By around 12:20 p.m. ET, the Dow was down by 107 points, which is approximately 0.2%.
In contrast, the S&P 500 saw an uptick of 0.5%, and the Nasdaq increased by 0.8%, poised to break a three-day losing streak.
Tech stocks were on the mend after enduring significant downtrends, mainly due to investor worries about potential overvaluation and fears of an AI “bubble” among artificial intelligence companies.
Among the major tech players, Nvidia, AMD, and Broadcom saw increases of 1.7%, 1.8%, and 1.3%, respectively.
Other notable stocks from the “Magnificent Seven” also rebounded, with Tesla rising by 1.7% after a shaky start to the day. Meta, Apple, and Microsoft climbed by 0.3%, 1%, and 1.3% respectively.
Despite the downfall of the Technology Select Sector SPDR Fund by 2% on Thursday, it bounced back with a rise of 1.4% on Friday.
On the other hand, Bitcoin took a hit, falling by 2.8% to $96,922.63, as investors pulled back from more volatile stocks.
Investor anxiety regarding excessive spending on AI by U.S. companies—some having already shelled out billions—has shaken the markets over the past couple of weeks.
Rick Gardner, the chief investment officer at RGA Investments, commented that investors have been anticipating a market bump that hasn’t yet materialized. He added, “Stock prices don’t rise in a straight line; a pullback was to be expected.”
Meanwhile, the U.S. government reopened on Thursday after its longest shutdown ever, alleviating some worries regarding SNAP benefits and federal employment. However, White House press secretary Caroline Levitt indicated that certain federal statistics for October may never see the light of day.

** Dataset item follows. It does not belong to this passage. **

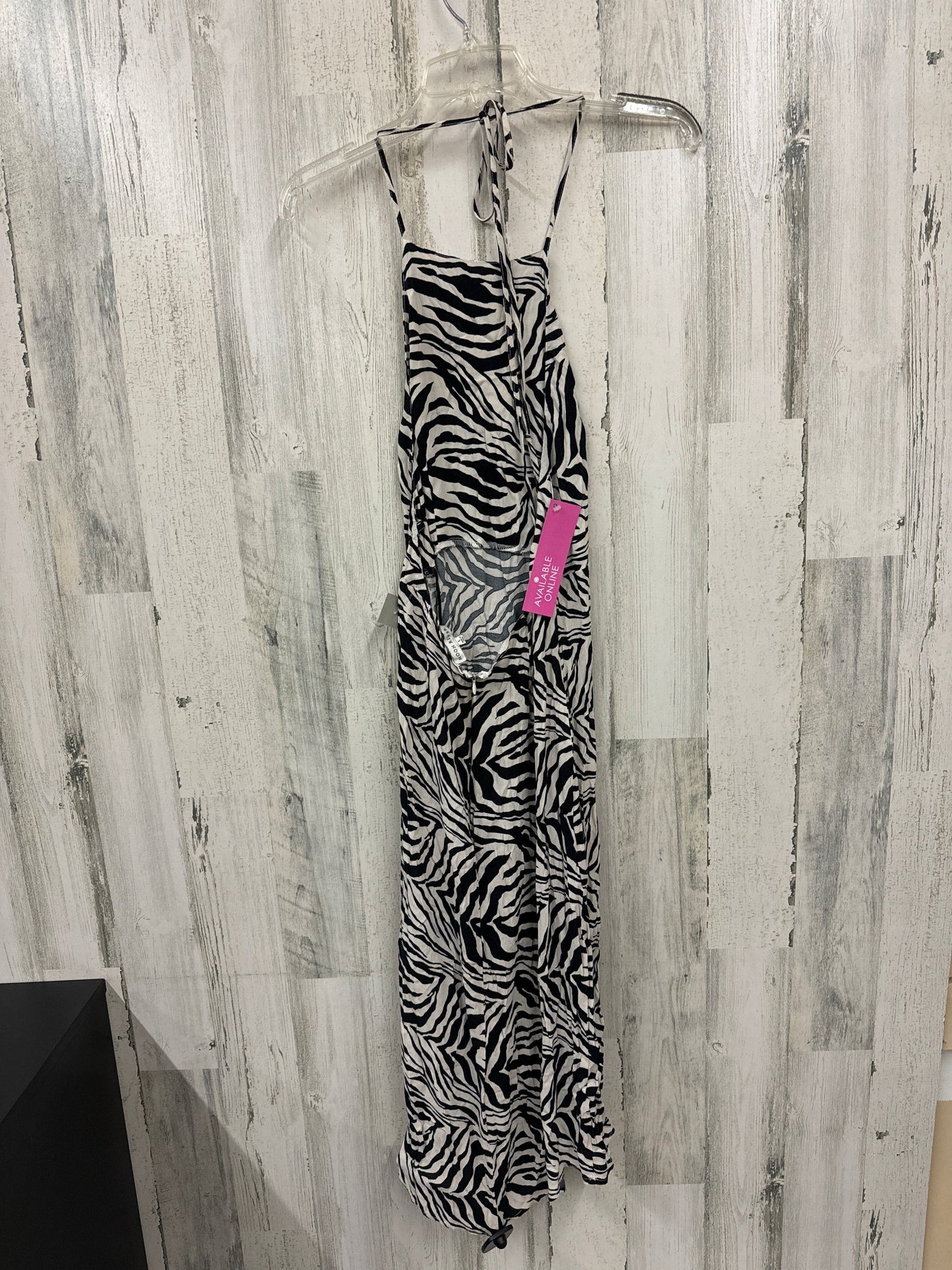 Zebra Print Dress Casual Short Moon River, Size L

Kevin Hassett, director of the National Economic Council, mentioned that finalization of October’s jobs report will occur post-delay and that it won’t include the unemployment rate.
Though some economic data is becoming accessible again, there remains concern over an “economic blackout” that’s yet to be fully resolved, which Gardner believes contributes to the fluctuations in stock performance. He forecasts potential market upsides in the coming months as more economic data becomes available.
Additionally, data related to inflation and labor conditions are pivotal in guiding the Federal Reserve’s decisions. Notably, the likelihood of a rate cut during the upcoming FOMC meeting on December 10 has diminished since the announcement that some economic data might not be published, according to CME FedWatch.
Investors are feeling jittery, trying to discern if there’s any underlying weakness in the labor market or inflationary trends as stocks reach new peaks.